### [The problem]
I'd like the entire listing output verbatim, apart from the pictures.
Top of Source data
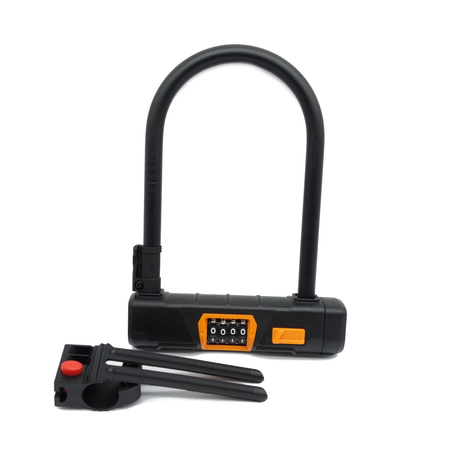 Uniwersalne zabezpieczenie U-Lock do hulajnóg elektrycznych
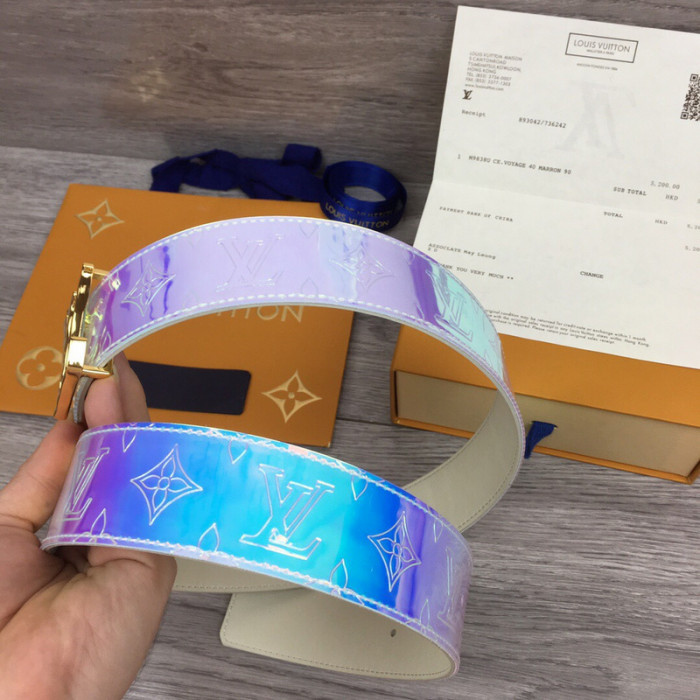 lu vi belt 4.0 cm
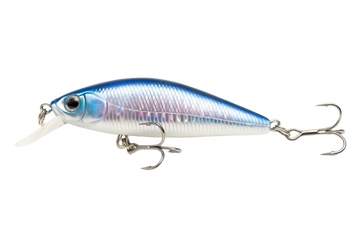 Jiggy Glacier Drift | Premium 70mm Sinking Minnow Lure for Bass & Pike
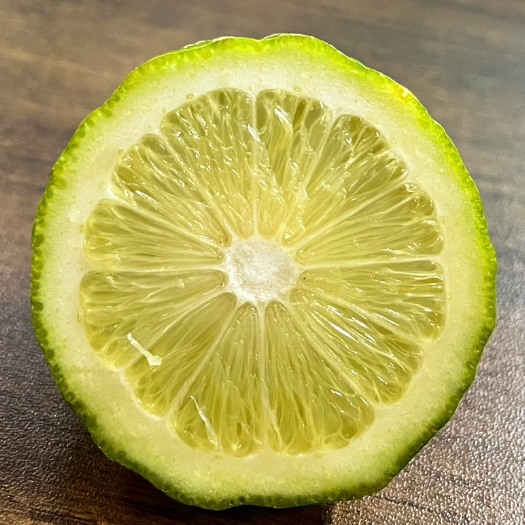 湛江广东无籽香水柠檬一级果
Bottom of Source data
### [Result of this exercise]
 Uniwersalne zabezpieczenie U-Lock do hulajnóg elektrycznych
 lu vi belt 4.0 cm
 Jiggy Glacier Drift | Premium 70mm Sinking Minnow Lure for Bass & Pike
 湛江广东无籽香水柠檬一级果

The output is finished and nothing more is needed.